Die Gemeindeschwestern waren zumeist allein in der Gemeinde. Deshalb fiel es manch einer Schwester schwer, sich in ein Mitarbeiterteam einzuordnen. So war es auch bei Schwester Anna. Wir scherzten manchmal, sie sage: „Ich und der Pastor meinen...“ Und dann hatten alle zu gehorchen. Da die anderen Mitarbeiter das nicht immer taten, kam es oft zu sehr unschönen Szenen.


1959 verunglückte sie. Damals waren die Straßen in Werries noch dunkel und in recht schlechtem Zustand. Die Straßen waren nicht befestigt. Bei Regen standen dicke Pfützen auf den Straßen.

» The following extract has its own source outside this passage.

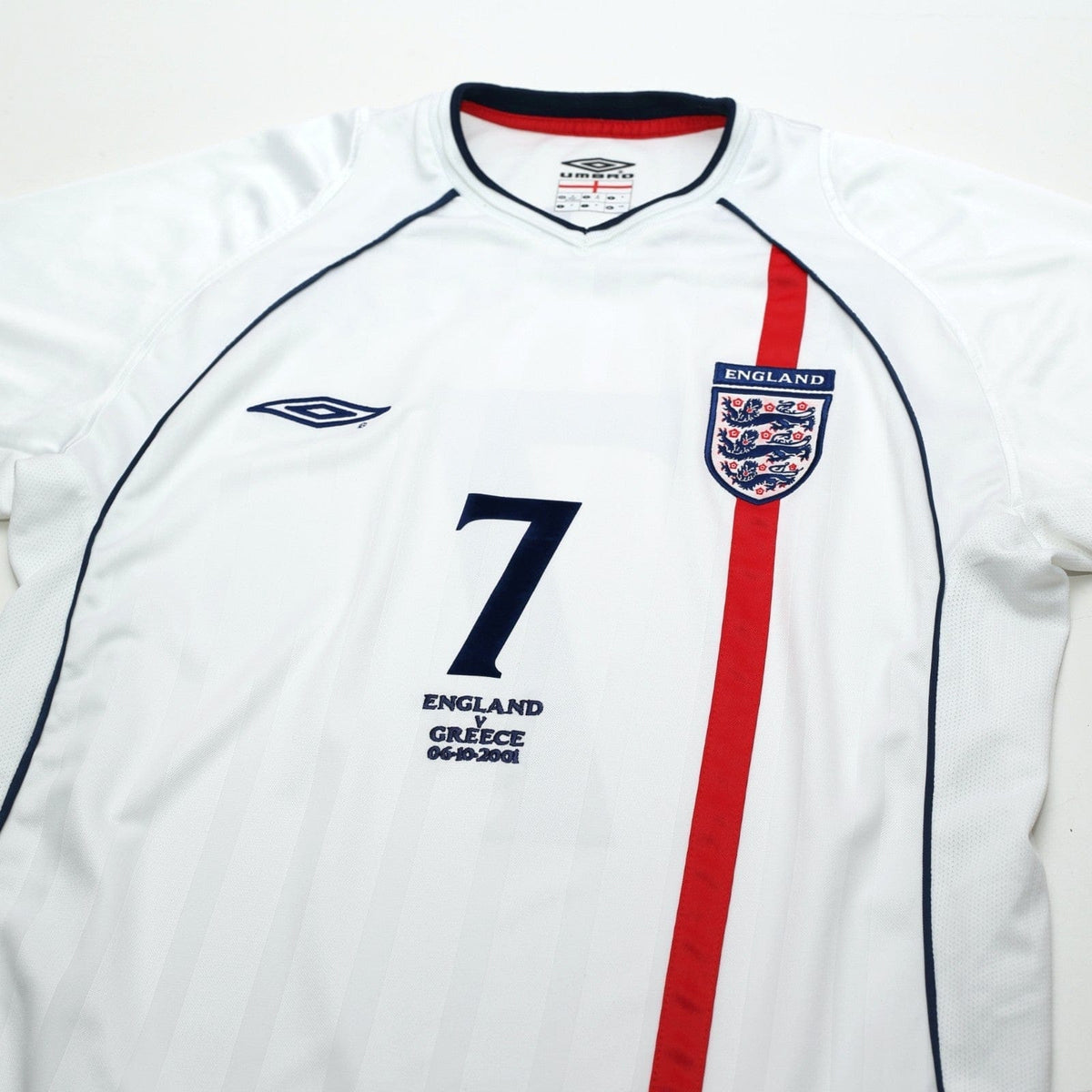 2001/03 Beckham #7 England Vintage Umbro Home Greece Football Shirt (M)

Die Schwester war zu einer Kranken unterwegs und versuchte die Pfützen zu umgehen. Ein Jugendlicher unserer Gemeinde fuhr mit angelegten Ohren auf dem Fahrrad ihr entgegen. Er fuhr Slalom und sah Schwester Anna erst, als es zu spät war. Beide stürzten. Dem Jugendlichen war nichts weiter passiert. Die Schwester lag lange im Mutterhaus krank. In dieser Zeit übernahm die Uentroper Gemeindeschwester das Pflegen in Werries.


1963 wurde Schwester Anna 65 Jahre alt. Sie bekam ab Anfang 1964 ihre Rente. Sie hatte sich aber bereit erklärt, zu bleiben und den Dienst weiterhin zu versehen. 1965 baten wir sie trotzdem zu gehen. Damals verstanden viele diesen Schritt nicht. Doch die Unruhe unter den Mitarbeitern nahm kein Ende.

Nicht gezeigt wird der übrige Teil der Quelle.